Un missile Scalp.

Le président français Emmanuel Macron a annoncé mardi 11 juillet, au premier jour du sommet de l’Otan, que la France allait livrer des missiles longue portée Scalp à l’Ukraine. Après Londres, Paris à son tour cède des armements sensibles qui vont doter les forces ukrainiennes d’une capacité de frappe de profondeur.

Dans une guerre dont le front ces derniers mois est resté stable en dépit des efforts offensifs récents, le Scalp est un indéniable atout pour l’Ukraine. Ces missiles de croisière d’une portée de 250 km vont permettre à Kiev de frapper les arrières russes, les lignes logistiques et surtout les centre de commandement.

Tiré depuis un avion, le Scalp vole très vite et très bas. Il est invisible au radar jusqu’à la phase finale, le « Pop up ». Il s’agit d’une manœuvre en cloche qui permet au missile de pénétrer à la verticale sur sa cible avec une précision métrique.

« Porter le fer et le feu bien au-delà des frontières ukrainiennes »

C’est une arme conçue pour décapiter un centre de commandement durcit et profondément enterré, pointe un officier français de l’armée de l’air. Ces missiles de croisière, dans les mains ukrainiennes, vont pouvoir frapper des cibles de haute valeur loin de la ligne de front, sans craindre la défense aérienne russe.

Pour les spécialistes, le Scalp représente un saut qualitatif.

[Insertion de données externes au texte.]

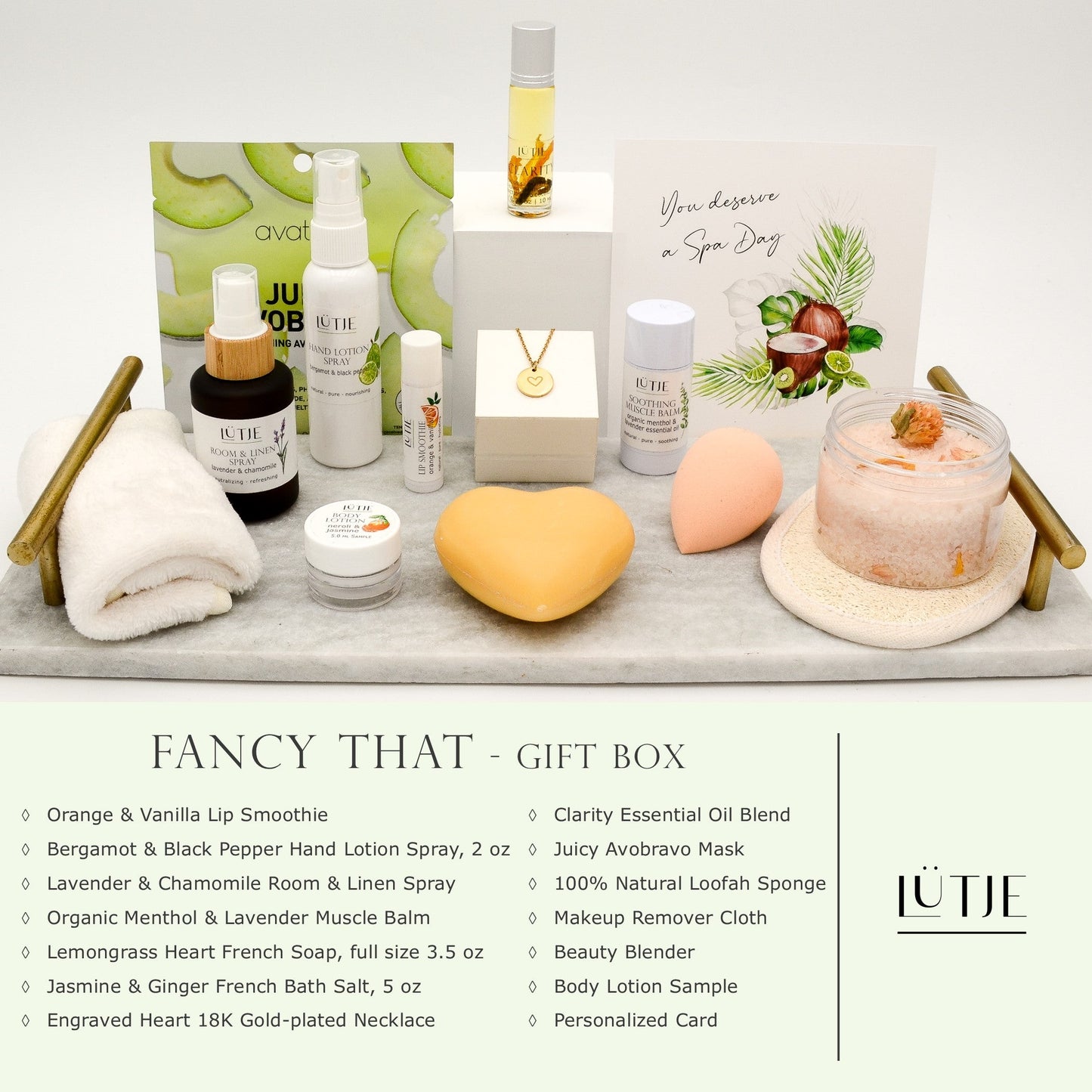 Fancy That Gift Box for women, BFF, wife, daughter, sister, mom, or grandma, includes Bergamot & Black Pepper hand lotion spray, essential oil, lip balm, soothing muscle balm, Lavender & Chamomile room & linen spray, French soap, French bath salts, hydrating face mask, other bath, spa and self-care items, and optional 18K gold-plated necklace with engraved heart.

Un saut qualitatif dangereux, insiste un haut gradé, qui estime que faire croire que le missile est pour tirer sur les zones de combat est du « pipeau ». Et d’ajouter : « Le Scalp est taillé pour porter le fer et le feu bien au-delà des frontières ukrainiennes ». Mais les missiles Scalp seront livrés « en gardant la clarté, la cohérence de notre doctrine, c’est-à-dire permettre à l’Ukraine de défendre son territoire », a rappelé mardi Emmanuel Macron, excluant ainsi implicitement toute utilisation pour frapper la Russie.

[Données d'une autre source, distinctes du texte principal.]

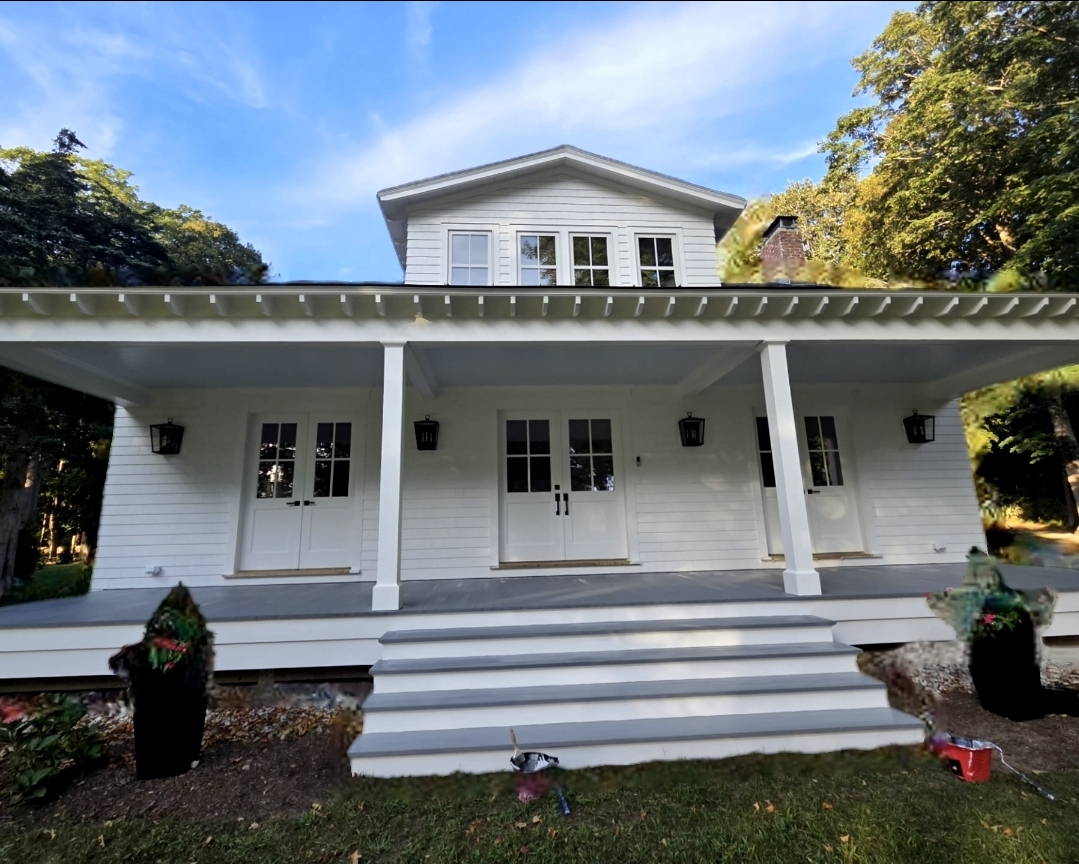 Beautiful suburban home exterior painted navy blue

Rien « du point de vue du droit international » n’empêche l’Ukraine « de frapper le territoire russe, notamment pour des infrastructures qui qui participent à l’effort de guerre »

Paris, tout comme Londres avant, livre ce même type d’engins en insistant sur le fait qu’ils devaient avant tout servir à repousser les forces russes occupant l’Ukraine. Le président français a aussi souligné mardi que Kiev devait en faire un usage défensif et donc ne pas frapper le territoire russe.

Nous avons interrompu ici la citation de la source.